I travel on the Thameslink line a few times a week and use a carnet ticket to travel. On the relevant day I had validated my ticket (putting the required date of travel on the ticket) before entering through the barriers at St Pancras but used a childs felt tip pen as I couldn't find my biro and needed to get the train.

I put the ticket through the barrier at St Albans to leave the station, but it didn't work. Looking at the ticket the pen had smudged and the date was now illegible. I went over to the gate and showed my ticket to the inspector who then said it was an invalid ticket.

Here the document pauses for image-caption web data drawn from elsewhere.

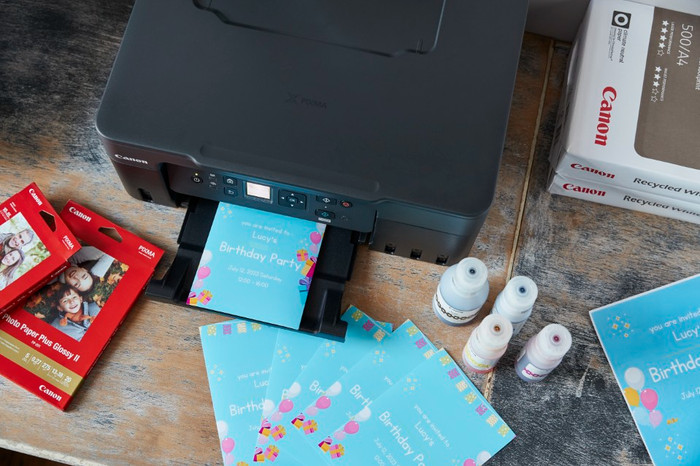 Canon PIXMA G3570 + 1 Set Extra Ink product in use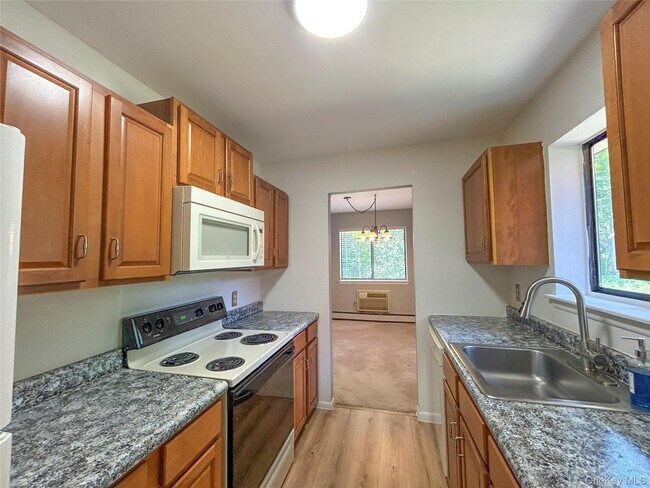 Photo - 5 Loudon Dr Unit 9
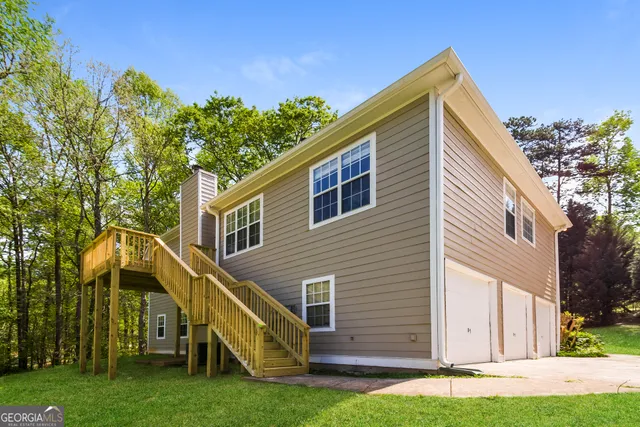 a view of house with a yard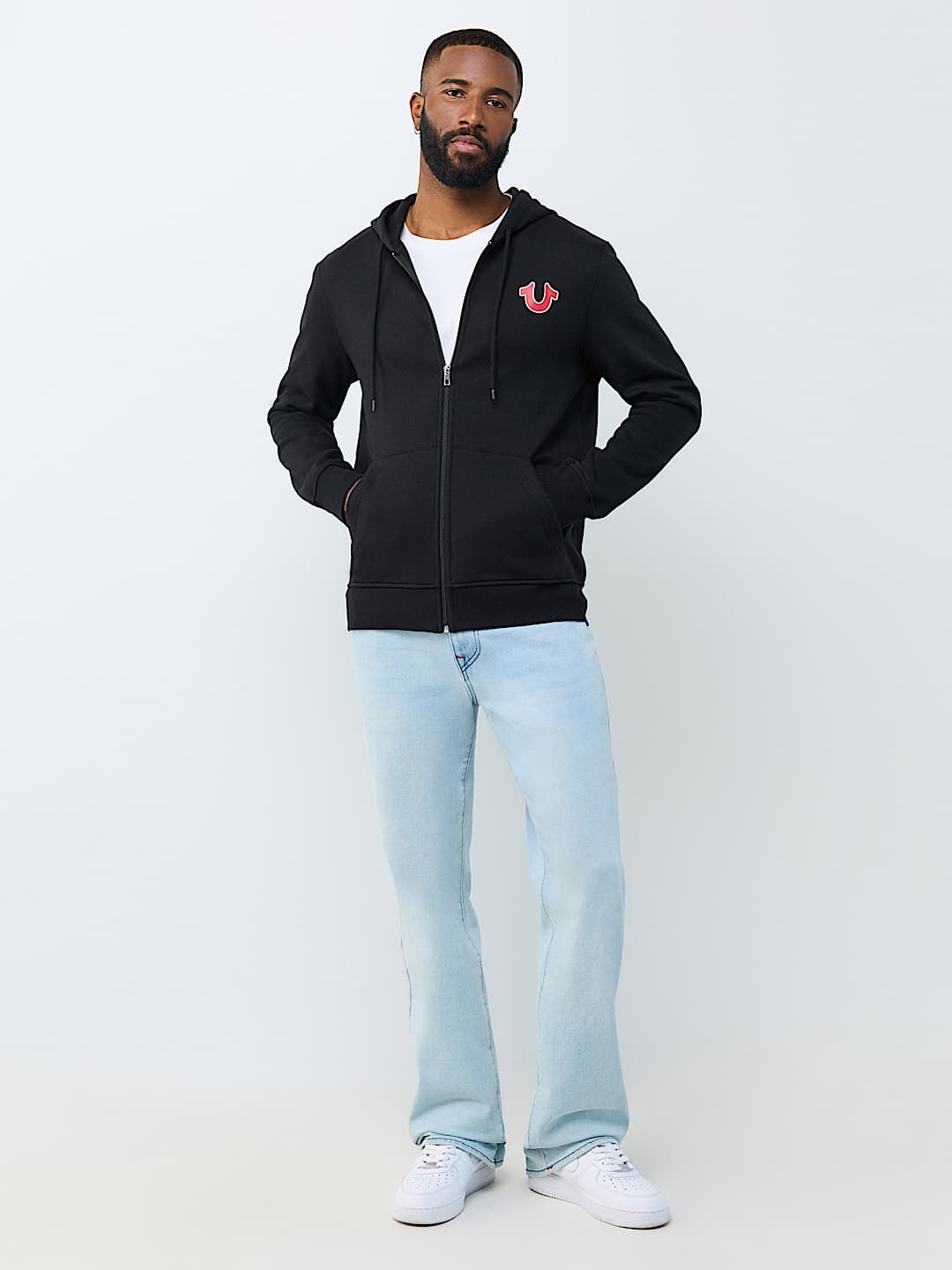 SUDADERA CON CAPUCHA Y CIERRE CON LETRERO DE TRUE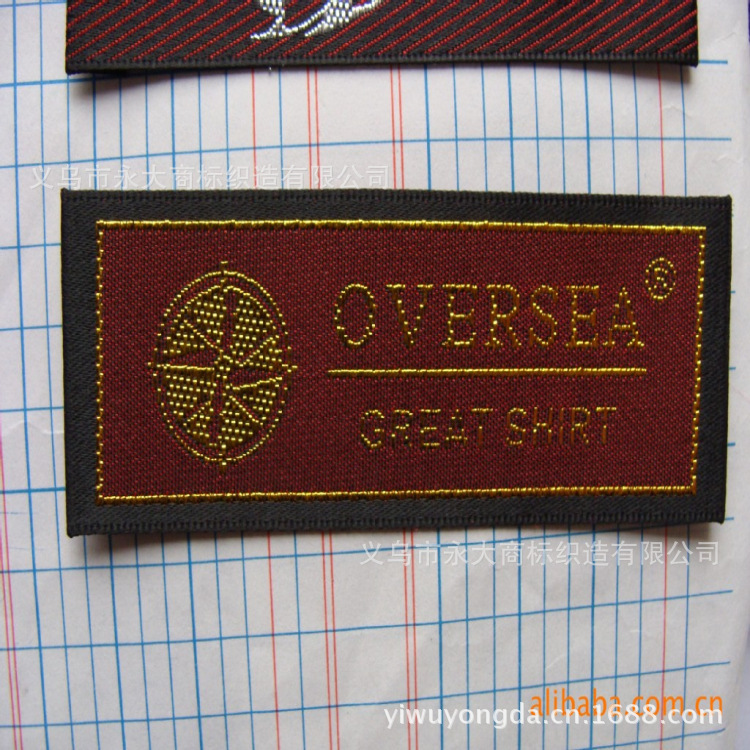 直销织唛 布标 丝织商标 缎面金丝商标织唛（2.5宽/黑缎/木机）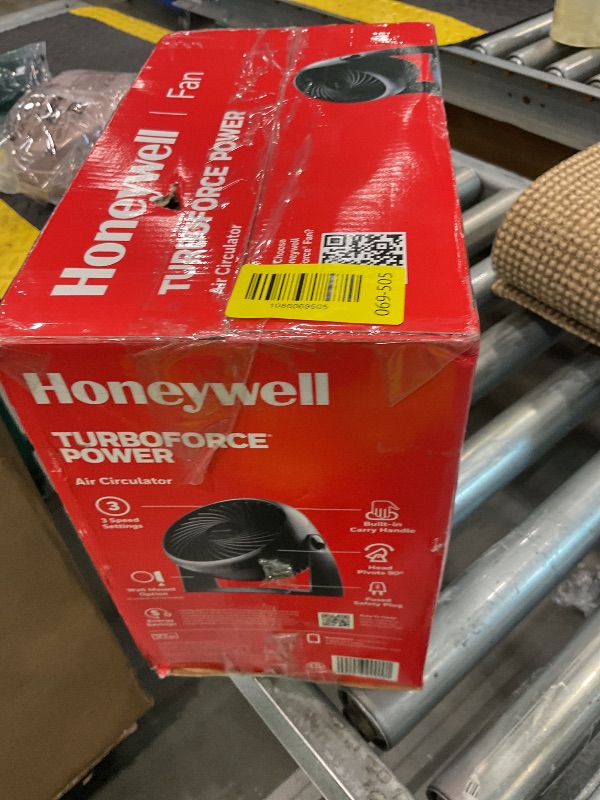 View 2 of [SOLD FOR PARTS] Honeywell TurboForce Air Circulator HT-900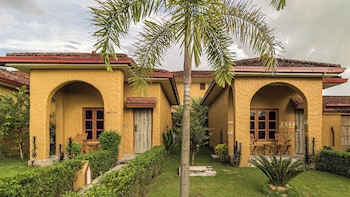 munal and mayur resort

To cut a long story short he didn't believe that my story re the pen and told me he would make a record of this which would go to the prosecution office to decide. I started to get upset (crying not angry) as I never intended to do anything wrong and felt awful being accused by the RPI in such a way plus the caution that he read out really scared me and the way he behaved towards me was very accusative and hostile .I have to add that I was in a hurry to pick up my young daughter and was nervous and worried about how long this would take.

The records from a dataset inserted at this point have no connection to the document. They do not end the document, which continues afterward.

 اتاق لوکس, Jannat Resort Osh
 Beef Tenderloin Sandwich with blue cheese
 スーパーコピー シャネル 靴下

He asked me for my address which I gave even though i was shaking and upset. He asked for some ID but i didn't have any. I then noticed that I had given him the wrong street for my address and had given him the street I had moved from 5 months ago, but the correct house name and postcode.

He checked with the office to validate my address but I wasn't listed on their records for some reason (even though we are on the electoral role). We then validated my address through phoning my husband. He then filled out the statement stating i was traveling with and invalid ticket and that i had given a false address.

I left the station in floods of tears and went home. 2 weeks later i received a letter with an intention to proceed to magistrates court. I responded with all the information above hoping that they would see the circumstances which led to the smudging of the ticket and that due to the stress caused I gave my old street name to the RPI.

I received this morning their intention, having reviewed my letter to proceed to court.

I'm in shock really - I can't believe that they are actually taking it this far. Does anyone have any advice as to whether I should just be trying to settle out of court with them? Or whether I would be best getting legal advice? Do you have any experience of what they are like in court? The thought of having to stand up in court against FCC and their lawyers frightens me to death.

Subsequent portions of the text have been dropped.